La cavalerie fait plouf
Dans une majorité bien dressée, on se doit de défendre l’honneur bafoué du président. Les RPRiens de l’époque qui accompagnaient Nicolas Sarkozy ont surgi à la rescousse. Alain Juppé affirme sur son blog que le voyage s’est bien déroulé le 9 novembre 1989. Pour se dédire au bout de quelques heures, expliquant que l’événement a peut-être eu lieu « quelques jours plus tard« .
Des petits malins sont allés fouiner dans son livre de 1993, La Tentation de Venise. Le maire de Bordeaux date le voyage du 16 novembre. Une dépêche AFP du 17 novembre 1989 semble confirmer en évoquant une déclaration de Juppé, de retour d’une « visite express à Berlin« . Le coup de grâce vient du Figaro. Le quotidien a retrouvé dans ses archives la trace d’Alain Juppé. Le 9 novembre, il était à Colombey, pour l’hommage annuel au général De Gaulle. Empêtré, l’ancien Premier ministre se fend d’un nouveau billet de blog pour dénoncer la polémique autour de ses propos.
Juppé out, Phlippe Martel in. L’organisateur du voyage à Berlin retrace, avec force détails, le déroulement des faits. Le matin du 9 novembre, un ami l’appelle de la capitale allemande pour le prévenir que les choses bougent, et que le mur pourrait tomber. « On veut prendre un avion« , raconte Philippe Martel. « Tous les vols commerciaux sont pleins, alors on loue un avion privé, on arrive à Berlin, j’avais arrangé un rendez-vous avec Walter Momper, le gouverneur-maire« . Malheur lui en a pris, l’ancien attaché de presse du maire de Berlin dément le rendez-vous. Et surtout, le troisième larron du voyage, Jean-Jacques de Peretti, dit avoir gagné Berlin en train. Au revoir Philippe Martel.

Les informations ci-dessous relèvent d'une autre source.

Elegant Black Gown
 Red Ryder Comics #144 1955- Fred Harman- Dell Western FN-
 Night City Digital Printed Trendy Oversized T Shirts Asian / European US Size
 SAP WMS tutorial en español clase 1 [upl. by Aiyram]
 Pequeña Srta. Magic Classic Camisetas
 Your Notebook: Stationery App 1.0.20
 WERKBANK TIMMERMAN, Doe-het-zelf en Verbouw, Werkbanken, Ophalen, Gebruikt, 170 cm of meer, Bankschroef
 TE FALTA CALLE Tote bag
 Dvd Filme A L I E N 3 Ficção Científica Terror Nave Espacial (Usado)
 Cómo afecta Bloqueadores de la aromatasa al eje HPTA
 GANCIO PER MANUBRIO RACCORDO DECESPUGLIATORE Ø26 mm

Le Premier ministre François Fillon, que la petite délégation aurait croisée sur place (lui aussi a publié une photo sur son Facebook), maintient la date du 9. « J’étais à Berlin depuis le 7 novembre, je participais à un colloque organisé à la fois par l’Allemagne de l’ouest et l’Allemagne de l’est sur les relations est-ouest« , détaille-t-il. Mais comme le montre Libé, les archives de l’Assemblée nationale prouvent que François Fillon était à Paris le 8 novembre. Plein de bonne volonté, le Premier ministre se souvient pourtant d’avoir » retrouvé […] une équipe de télévision de TF1 qui était conduite par Ulysse Gosset. Et nous sommes allés ensemble dîner dans un restaurant à Berlin est. Vous savez tout. » Dommage, ce jour-là Ulysse Gosset est à Moscou, à son poste de correspondant permanent. Dépité, le Premier ministre jette l’éponge : « Le calendrier du président de la République et le mien semblent presque plus importants que la chute du Mur elle-même« .
Une photo, un photographe
Pendant ce temps, Rue89 a retrouvé le photographe. Paul Clave a bonne mémoire. « Cette photo je m’en souviens, je l’ai faite le 10 au soir à 22h00. A 17h00 on avait pris un café au check-point avec Madelin. Je n’ai pas souvenir d’avoir croisé François Fillon. Puis on est allé dans un café jusqu’à 2h00 du matin. A 6h30 le 11, ils prenaient un avion pour rentrer à Paris »
Interrogé ce matin sur France Inter , le ministre des Affaires étrangères Bernard Kouchner, a qualifié de « dérisoire » la polémique. « Ce n’est pas une polémique intéressante« , « par rapport à ce qui s’est passé » au Mur de Berlin, « c’est dérisoire« , a-t-il déclaré. « J’ai entendu le président […] Je crois ce que dit le président, systématiquement« , a-t-il ajouté. Sur le Net, la présence de Nicolas Sarkozy lors de divers événements historiques est tournée en dérision par les farceurs.